* _Problem to solve_: Your reply should reproduce all the data below exactly while excluding the pictures.

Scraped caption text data
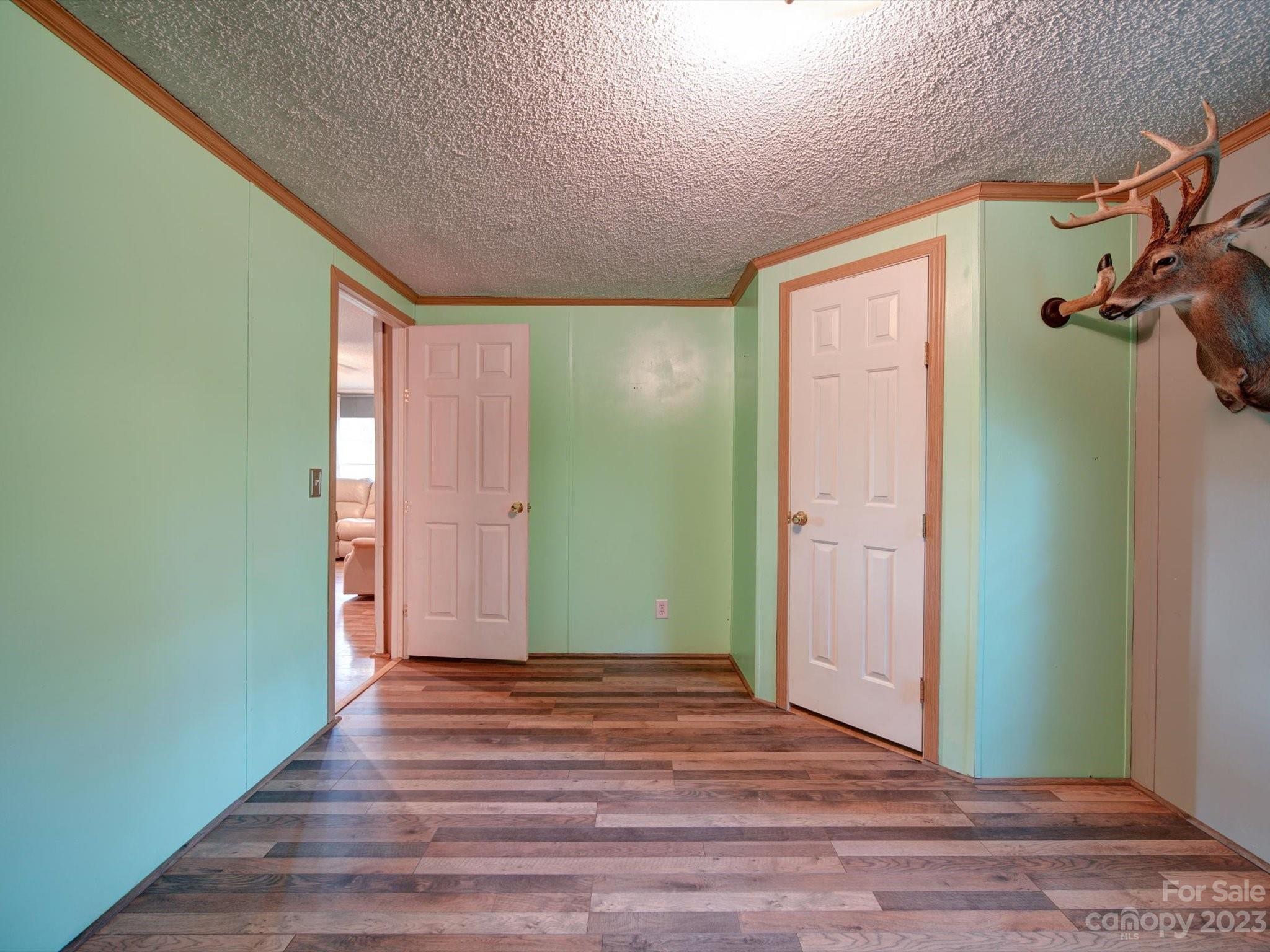 1265 Polk Ford Road Stanfield, NC 28163 - Photo 23 of 40 a view of a room with wooden floor and bathroom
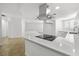 Bright kitchen featuring an island with cooktop, stainless steel vent hood, and tile flooring at 2080 Karen Ave # 60, Las Vegas, NV 89169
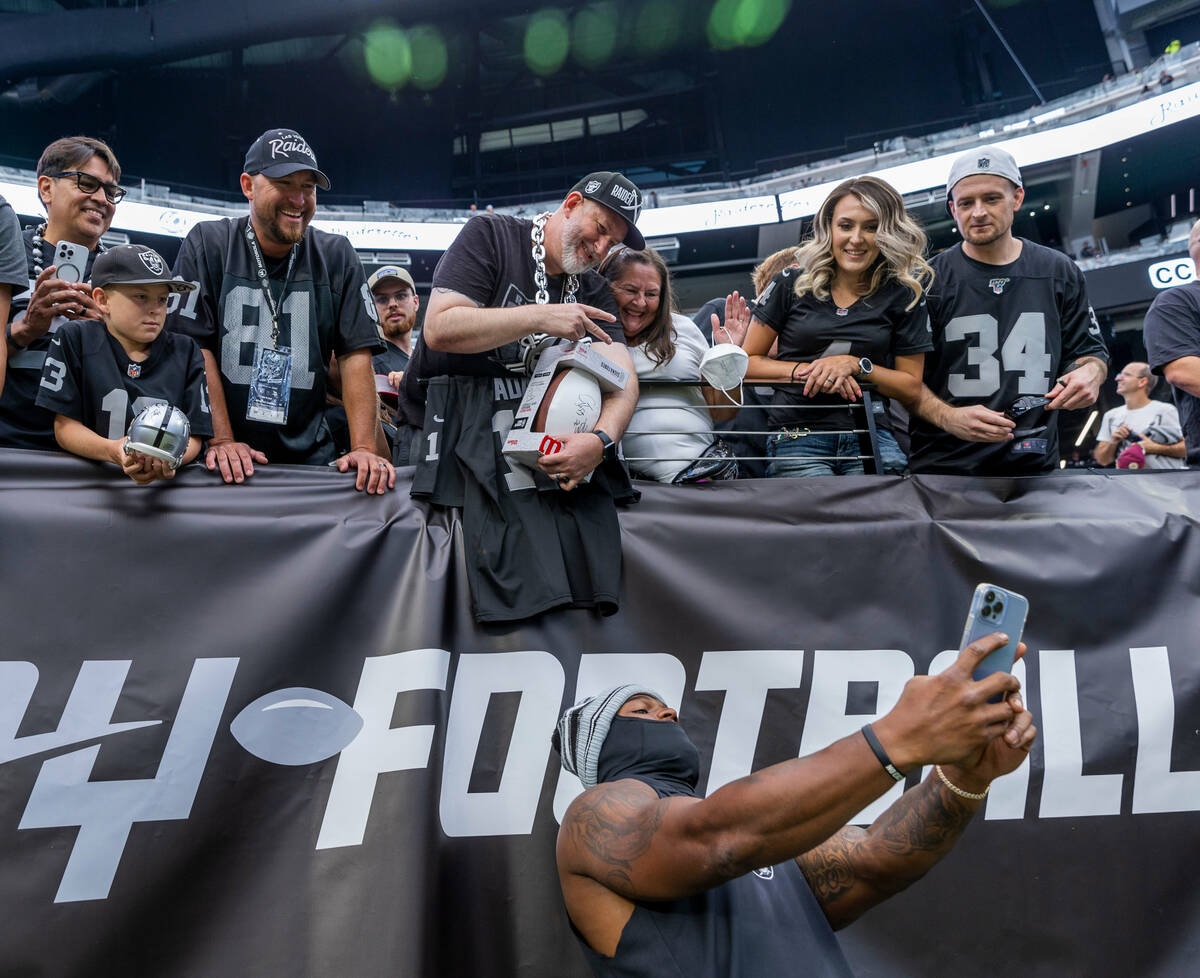 Raiders linebacker Denzel Perryman (52) takes a selfie with fans before the Raiders versus Viki ...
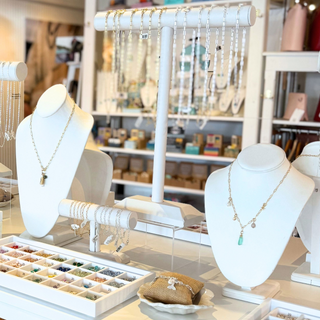 Jewelry store display with necklaces on mannequins and a table with jewelry items.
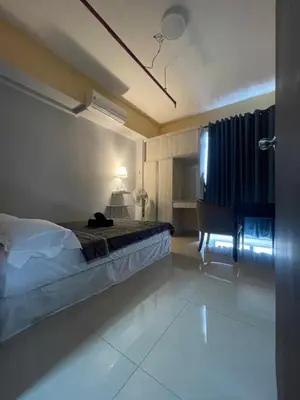 a bedroom with a bed and a desk and a piano at Nour Homestay KLCC View - COMFORT in Kuala Lumpur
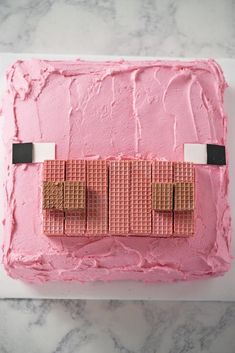 a cake with pink icing and some brown squares on the top is made to look like legos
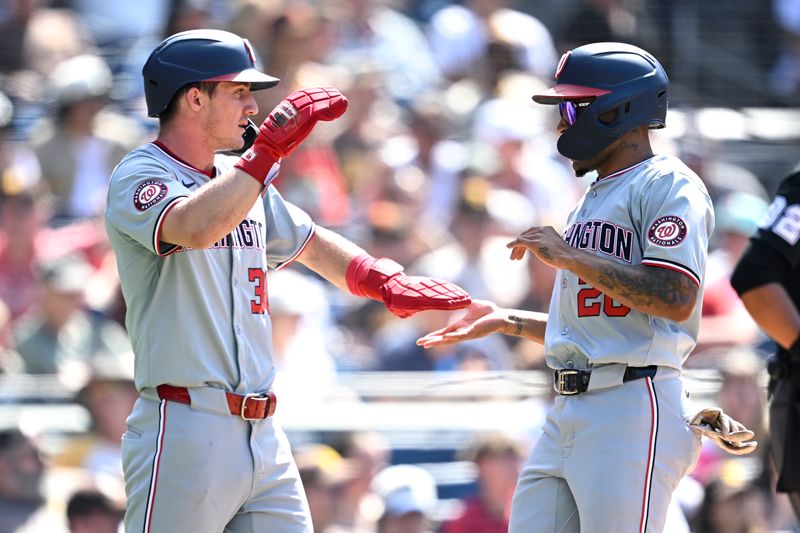 Jun 26, 2024; San Diego, California, USA; Washington Nationals shortstop Nasim Nunez (26) and center fielder Jacob Young (30) celebrate after scoring runs against the San Diego Padres during the ninth inning at Petco Park. Mandatory Credit: Orlando Ramirez-USA TODAY Sports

* _Solution for this exercise_:
 1265 Polk Ford Road Stanfield, NC 28163 - Photo 23 of 40 a view of a room with wooden floor and bathroom
 Bright kitchen featuring an island with cooktop, stainless steel vent hood, and tile flooring at 2080 Karen Ave # 60, Las Vegas, NV 89169
 Raiders linebacker Denzel Perryman (52) takes a selfie with fans before the Raiders versus Viki ...
 Jewelry store display with necklaces on mannequins and a table with jewelry items.
 a bedroom with a bed and a desk and a piano at Nour Homestay KLCC View - COMFORT in Kuala Lumpur
 a cake with pink icing and some brown squares on the top is made to look like legos
 Jun 26, 2024; San Diego, California, USA; Washington Nationals shortstop Nasim Nunez (26) and center fielder Jacob Young (30) celebrate after scoring runs against the San Diego Padres during the ninth inning at Petco Park. Mandatory Credit: Orlando Ramirez-USA TODAY Sports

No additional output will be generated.